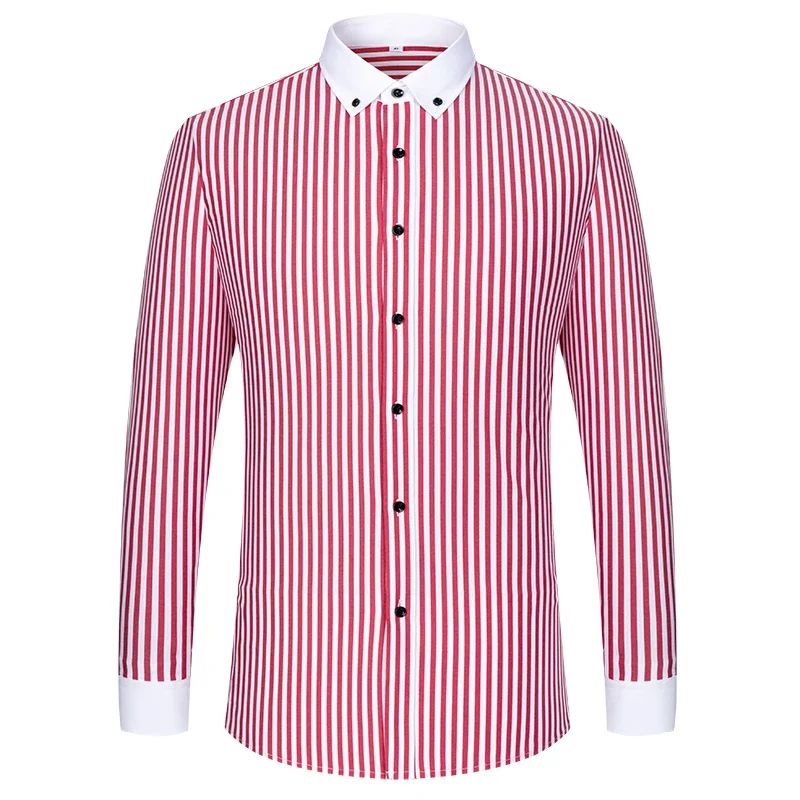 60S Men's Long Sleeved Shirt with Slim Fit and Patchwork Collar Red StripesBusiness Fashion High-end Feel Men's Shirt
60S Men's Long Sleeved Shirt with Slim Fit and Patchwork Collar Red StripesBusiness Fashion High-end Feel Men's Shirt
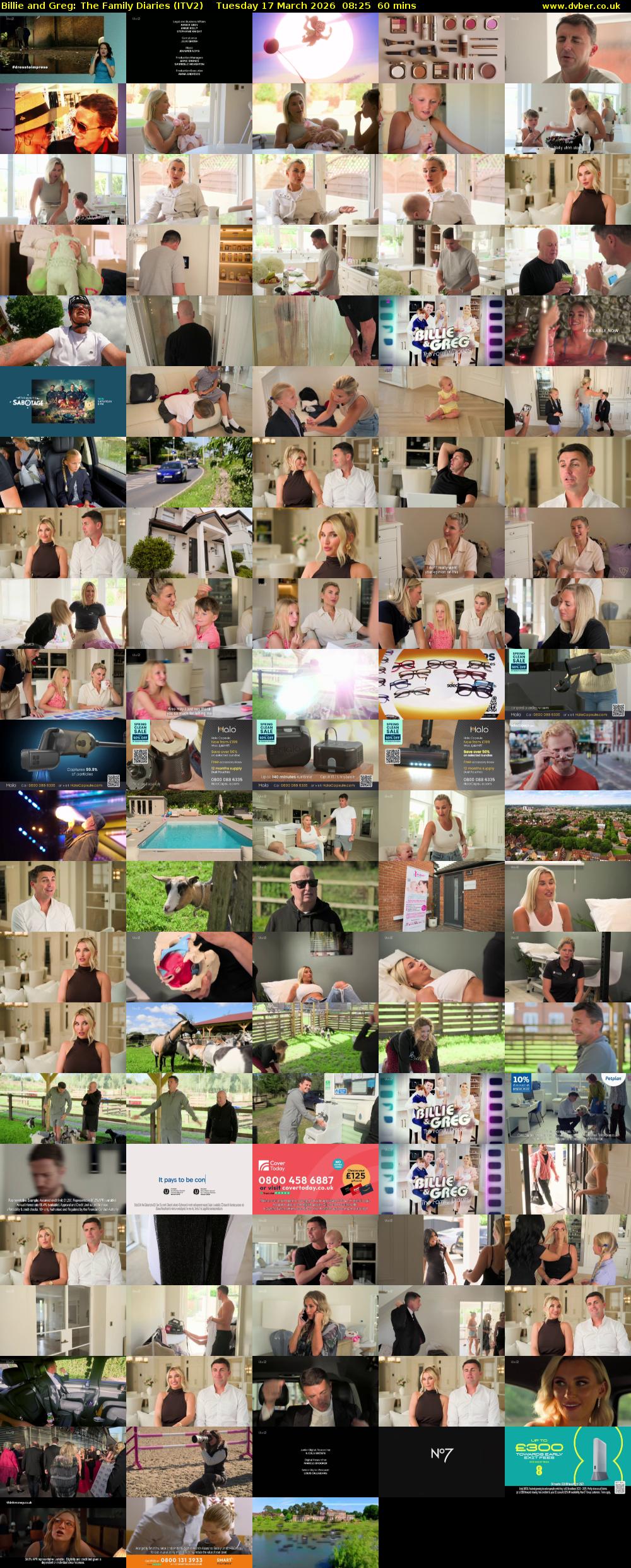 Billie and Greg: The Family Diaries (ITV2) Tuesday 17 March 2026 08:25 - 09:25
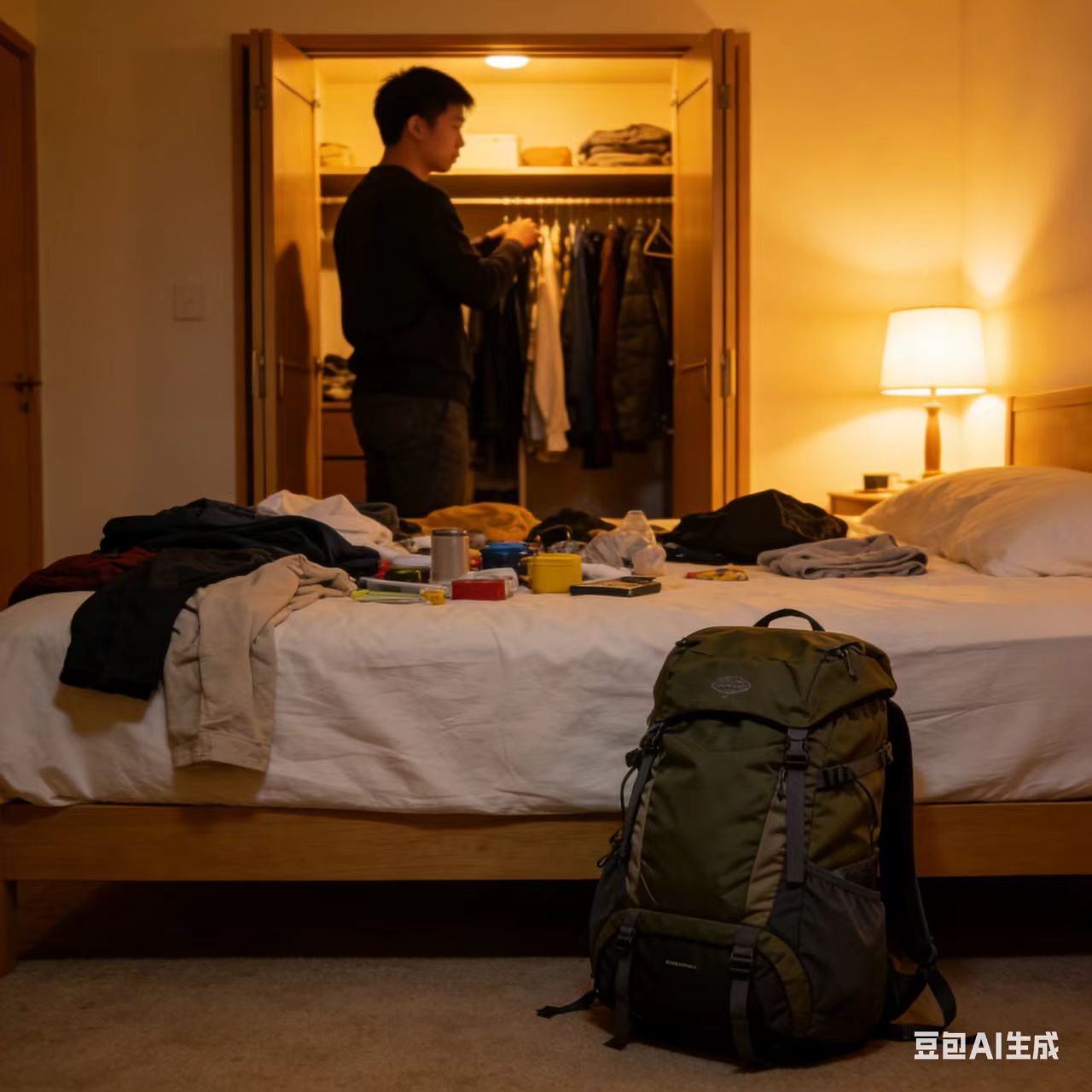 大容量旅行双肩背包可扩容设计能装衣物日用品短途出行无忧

*WORK ORDER*.
The expected answer is an unaltered copy of the listing, images removed.

*ANSWER TO THE PROBLEM*.
 60S Men's Long Sleeved Shirt with Slim Fit and Patchwork Collar Red StripesBusiness Fashion High-end Feel Men's Shirt
60S Men's Long Sleeved Shirt with Slim Fit and Patchwork Collar Red StripesBusiness Fashion High-end Feel Men's Shirt
 Billie and Greg: The Family Diaries (ITV2) Tuesday 17 March 2026 08:25 - 09:25
 大容量旅行双肩背包可扩容设计能装衣物日用品短途出行无忧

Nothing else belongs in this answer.